* _PROBLEM REQUIREMENTS_:
Restate, word for word, the run of lines that starts at the line containing "Room, 1 King" and ends with the final line of the listing. Leave pictures out.
(DATASET SECTION begins)
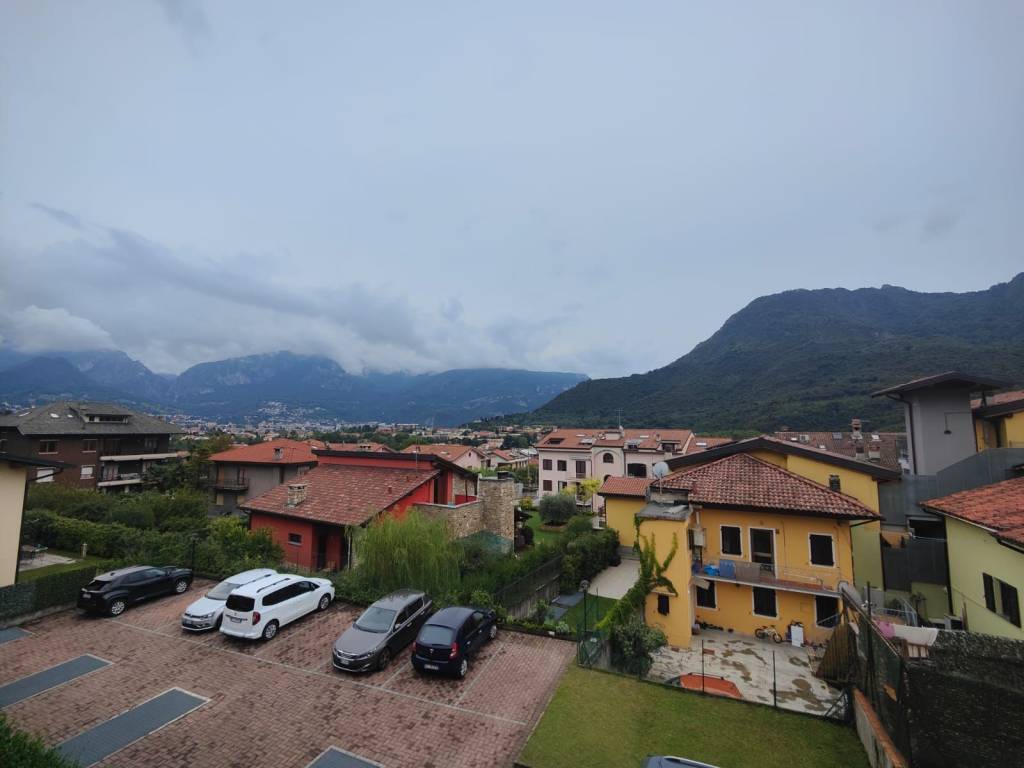 Appartamento a Valmadrera in Via Giuseppe Parini, 10 - Foto 5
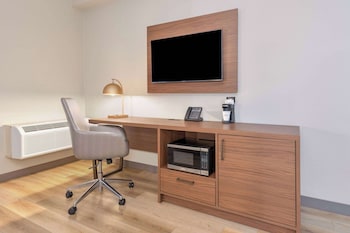 Room, 1 King Bed, Accessible, Non Smoking (Roll-In Shower)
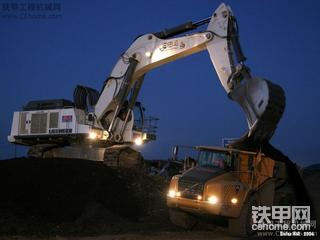 都晚上了国外的司机也要干活啊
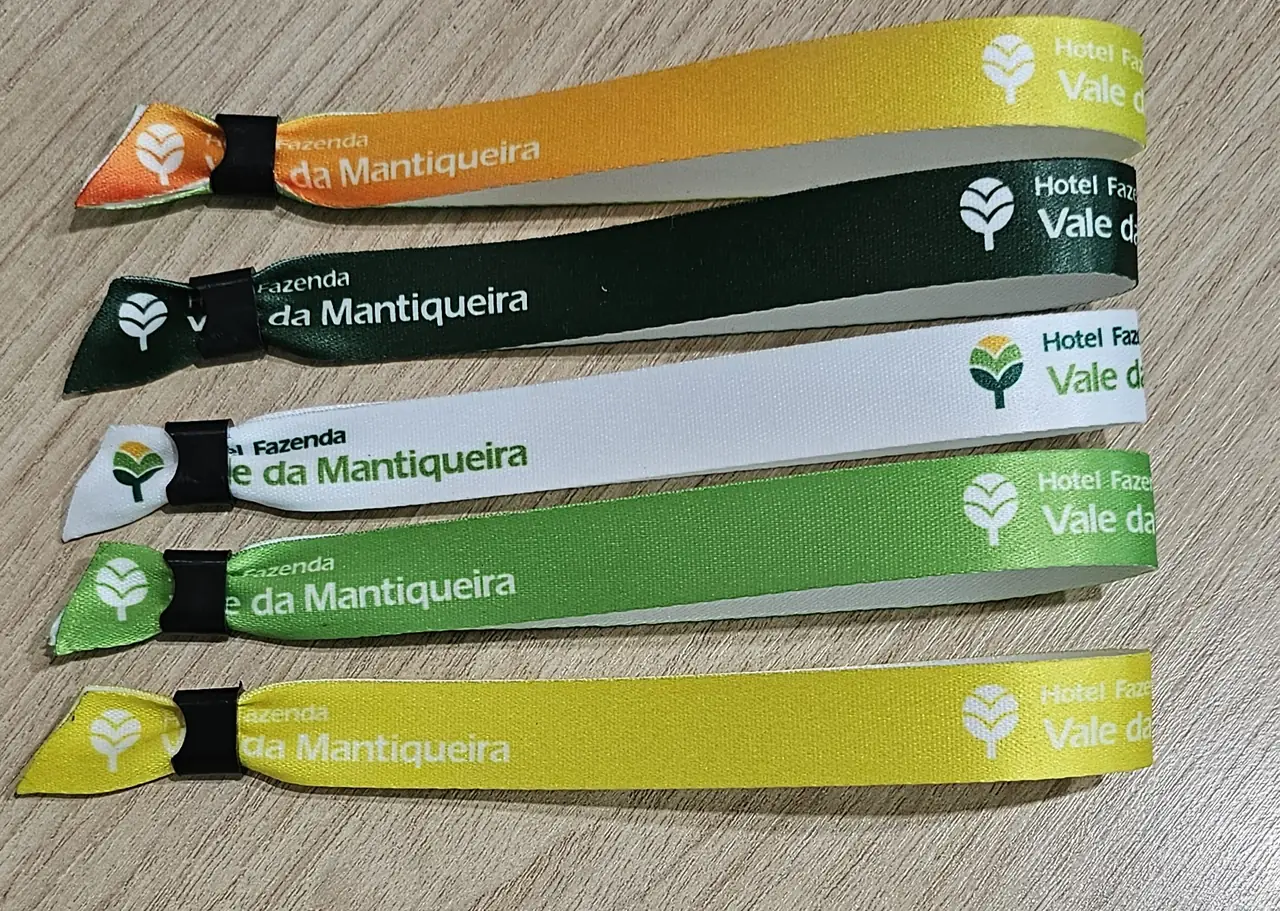 Pulseiras de tecido personalizadas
(DATASET SECTION ends)
* _OUTPUT OF THE EXERCISE_:
 Room, 1 King Bed, Accessible, Non Smoking (Roll-In Shower)
 都晚上了国外的司机也要干活啊
 Pulseiras de tecido personalizadas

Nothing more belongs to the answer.